━━━━━ Raw data

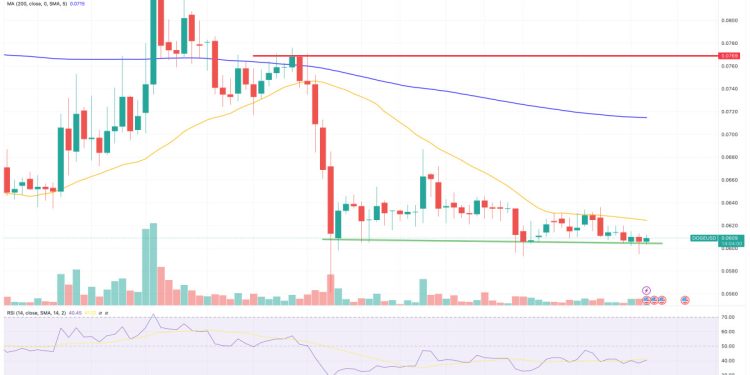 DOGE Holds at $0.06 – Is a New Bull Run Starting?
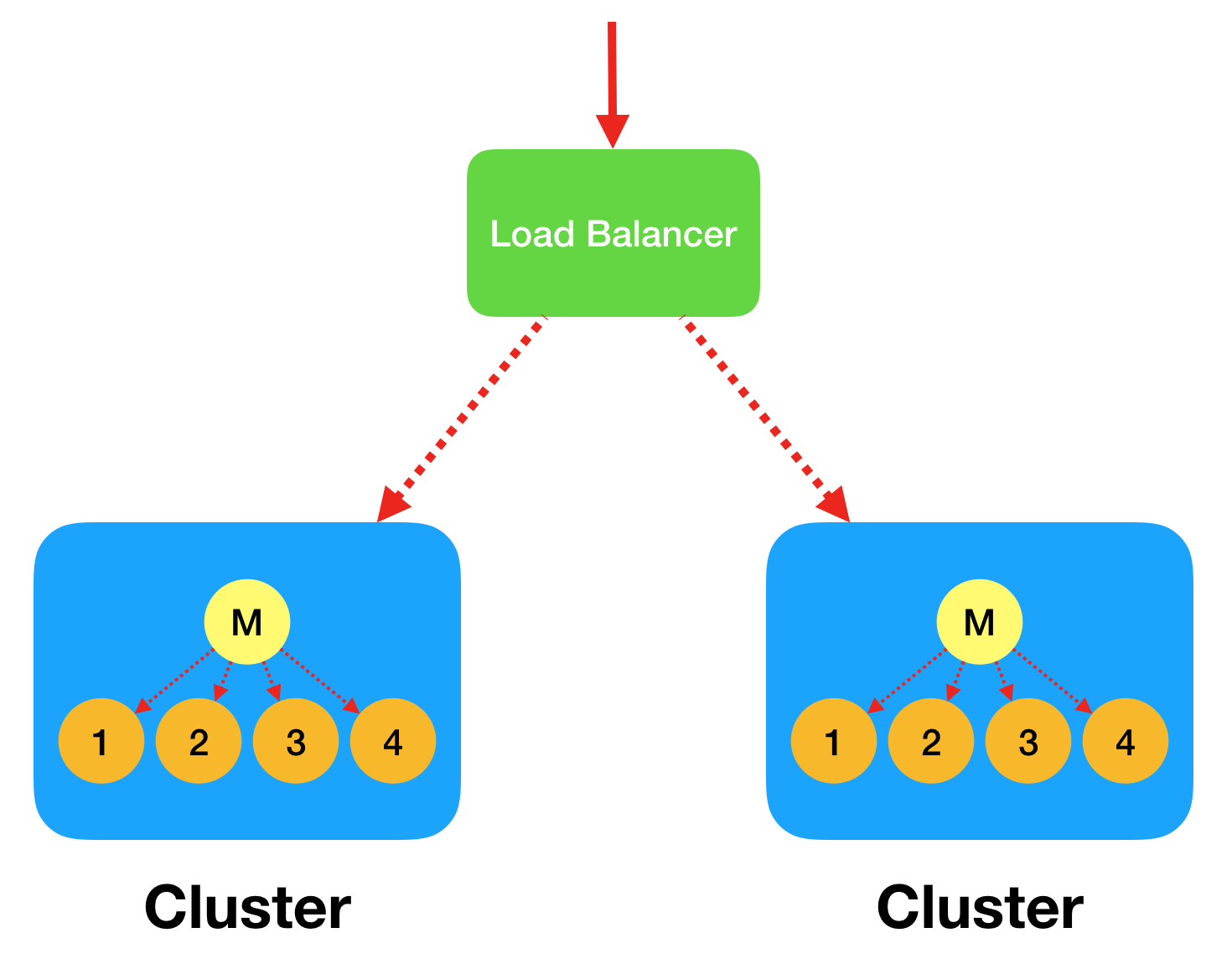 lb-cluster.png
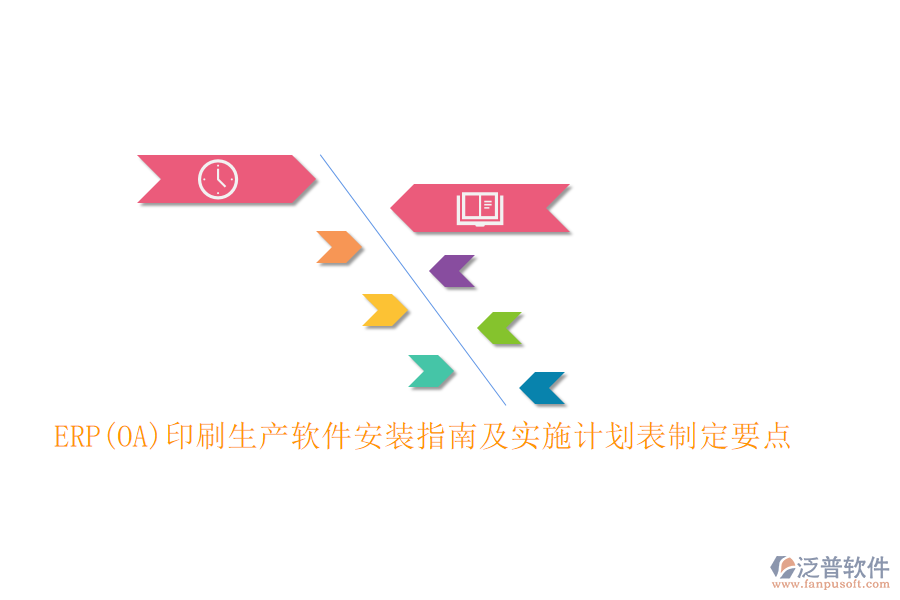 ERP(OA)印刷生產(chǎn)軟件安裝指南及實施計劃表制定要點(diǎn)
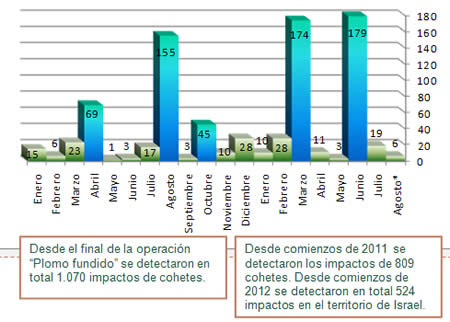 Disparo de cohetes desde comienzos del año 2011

━━━━━━━━━━

**What you are asked to do:**
Keep the pictures out of your copy. Copy only the lines from the line that holds "ERP(OA)印刷生產(chǎn)軟件安裝指南及實施計劃表制定要點(diǎn)" through the last line of the listing above, both included.

**Output for this task:**
 ERP(OA)印刷生產(chǎn)軟件安裝指南及實施計劃表制定要點(diǎn)
 Disparo de cohetes desde comienzos del año 2011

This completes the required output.